--- INPUT FOR THIS TASK Enclosed Below ---
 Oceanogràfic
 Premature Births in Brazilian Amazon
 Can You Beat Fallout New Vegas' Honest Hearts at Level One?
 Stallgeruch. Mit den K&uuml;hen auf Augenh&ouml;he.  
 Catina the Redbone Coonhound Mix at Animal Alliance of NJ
--- End of Enclosed INPUT FOR THIS TASK ---
--- INPUT FOR THIS TASK Enclosed Below ---
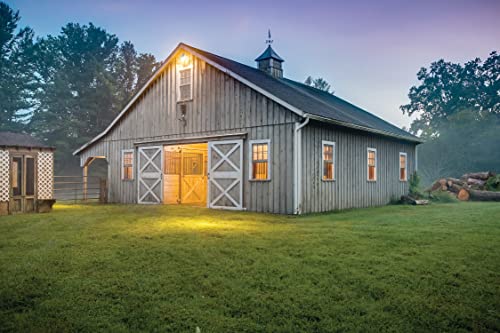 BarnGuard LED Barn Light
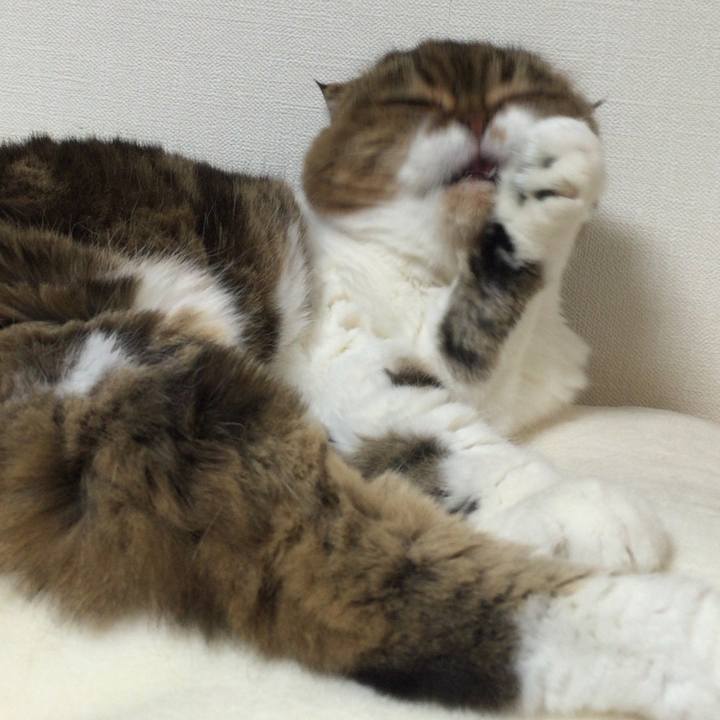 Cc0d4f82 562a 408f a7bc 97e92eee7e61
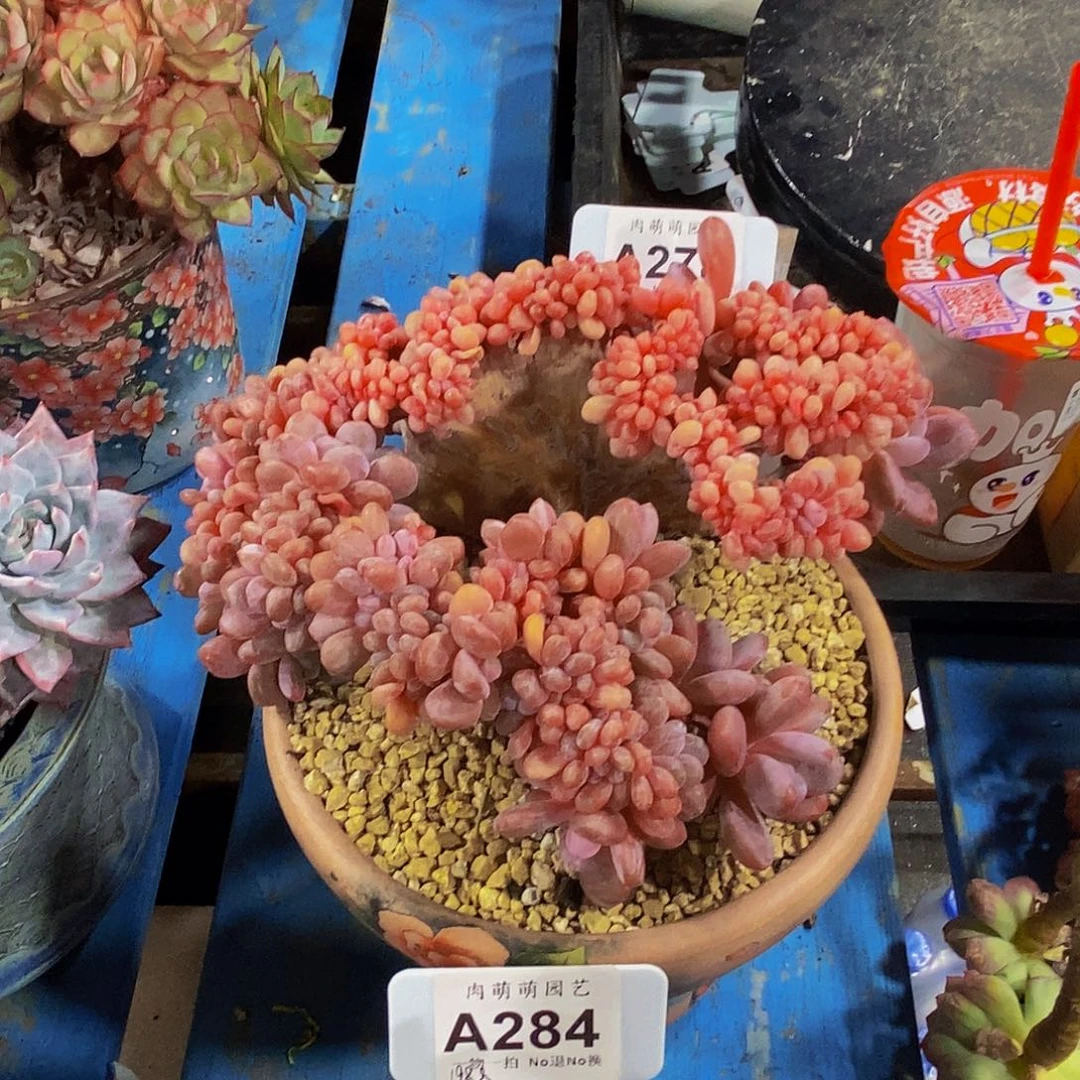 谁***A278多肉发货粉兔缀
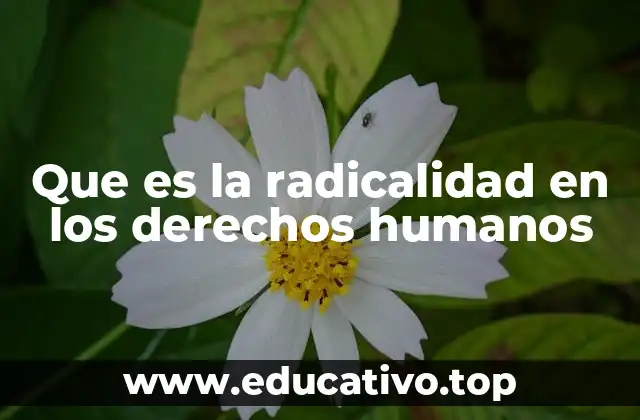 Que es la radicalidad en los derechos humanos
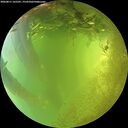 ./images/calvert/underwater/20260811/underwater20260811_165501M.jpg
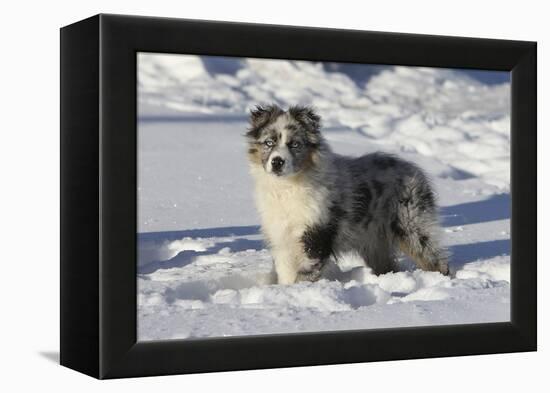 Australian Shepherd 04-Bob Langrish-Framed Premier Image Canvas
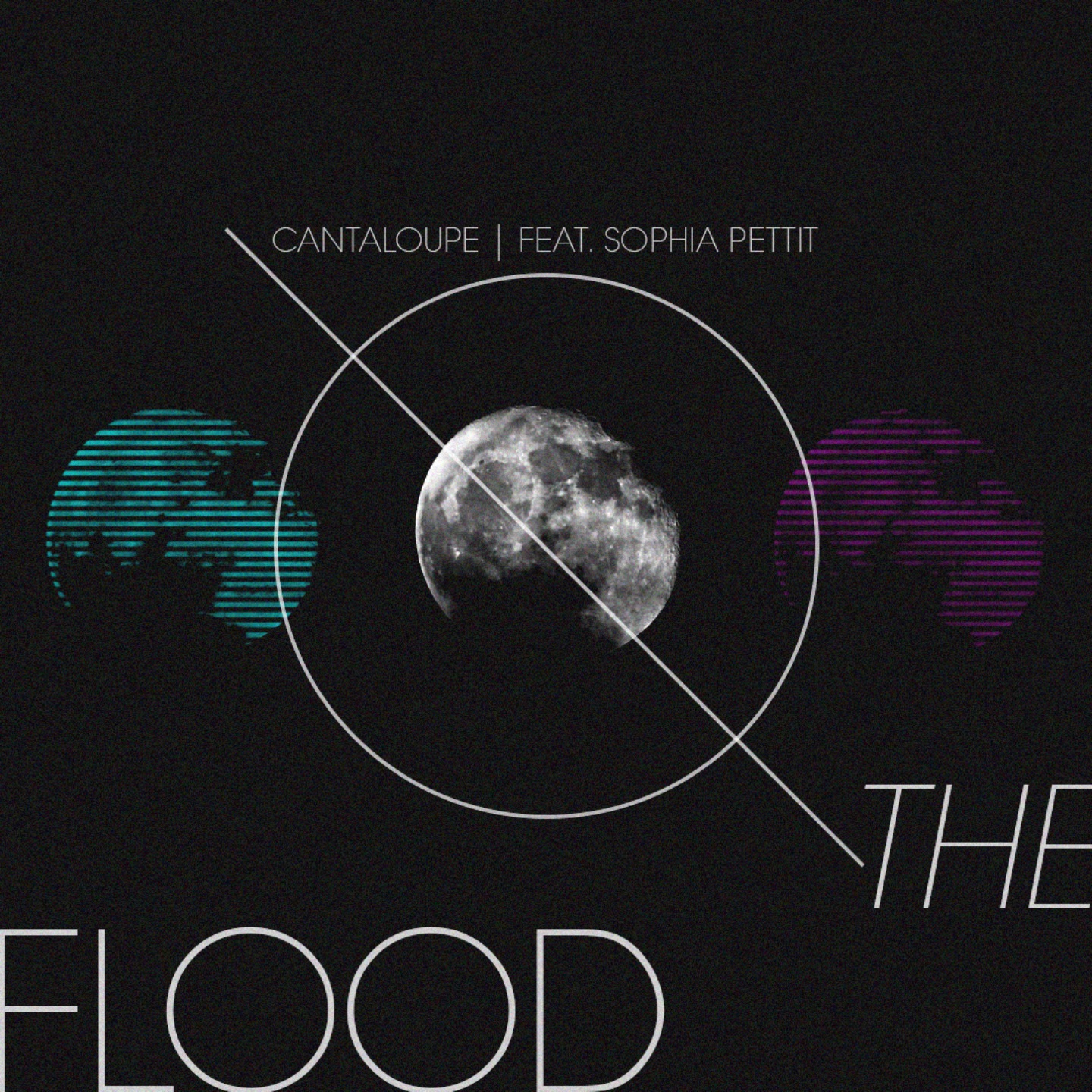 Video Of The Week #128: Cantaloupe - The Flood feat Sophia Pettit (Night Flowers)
--- End of Enclosed INPUT FOR THIS TASK ---
--- INPUT FOR THIS TASK Enclosed Below ---
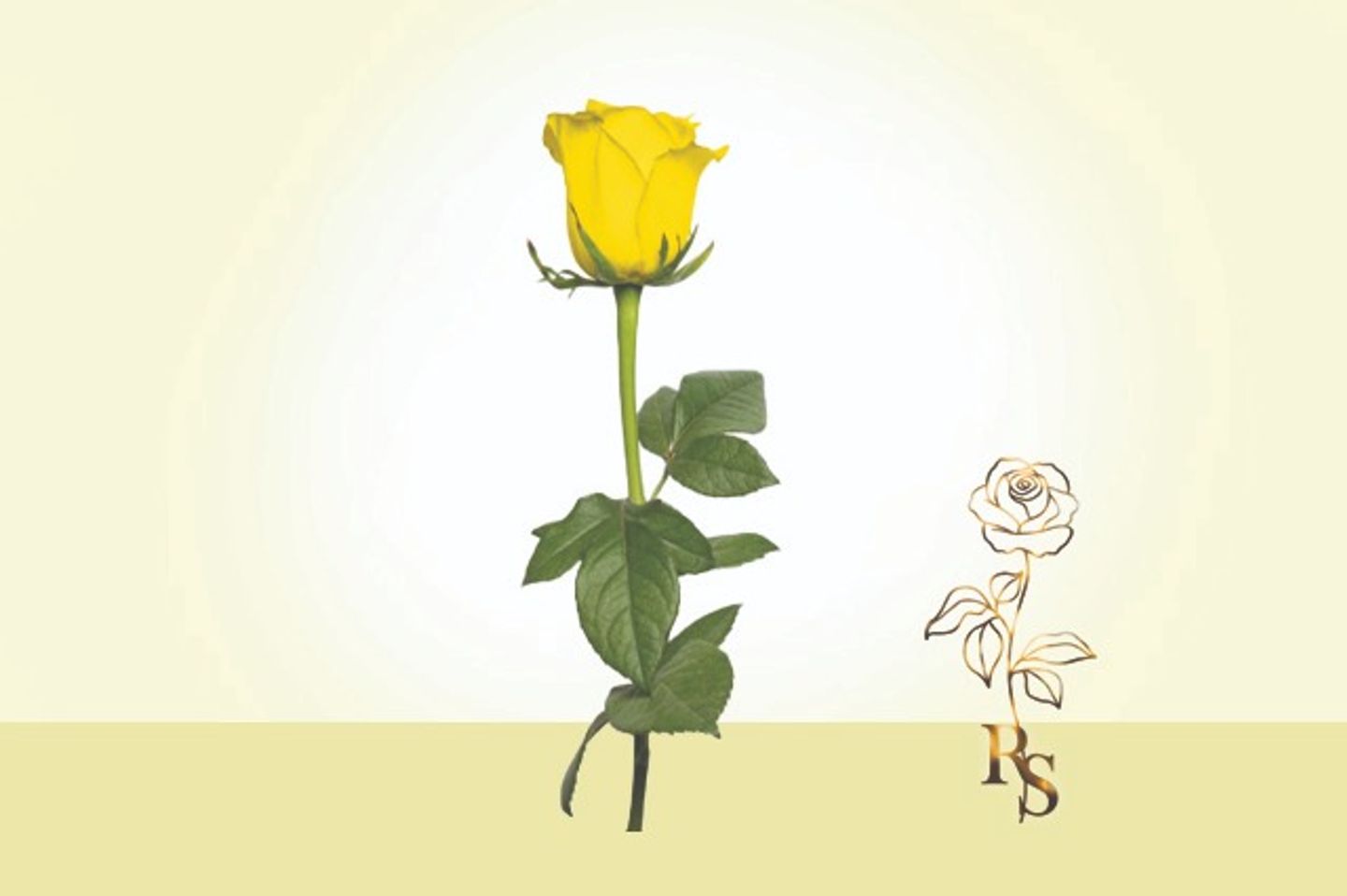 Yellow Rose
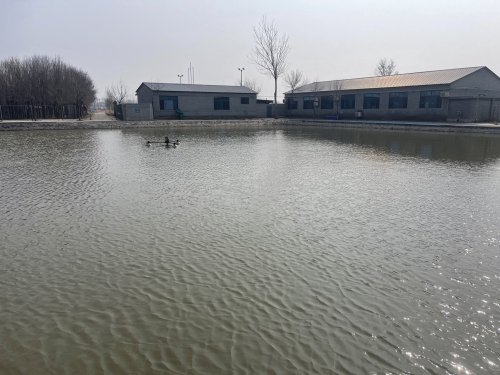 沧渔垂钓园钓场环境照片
--- End of Enclosed INPUT FOR THIS TASK ---
# EXERCISE DETAILS
Your answer should consist only of the lines above between the line holding "Can You Beat" and the line holding "Catina the Redbone", inclusive, each transcribed exactly.

# SOLUTION
 Can You Beat Fallout New Vegas' Honest Hearts at Level One?
 Stallgeruch. Mit den K&uuml;hen auf Augenh&ouml;he.  
 Catina the Redbone Coonhound Mix at Animal Alliance of NJ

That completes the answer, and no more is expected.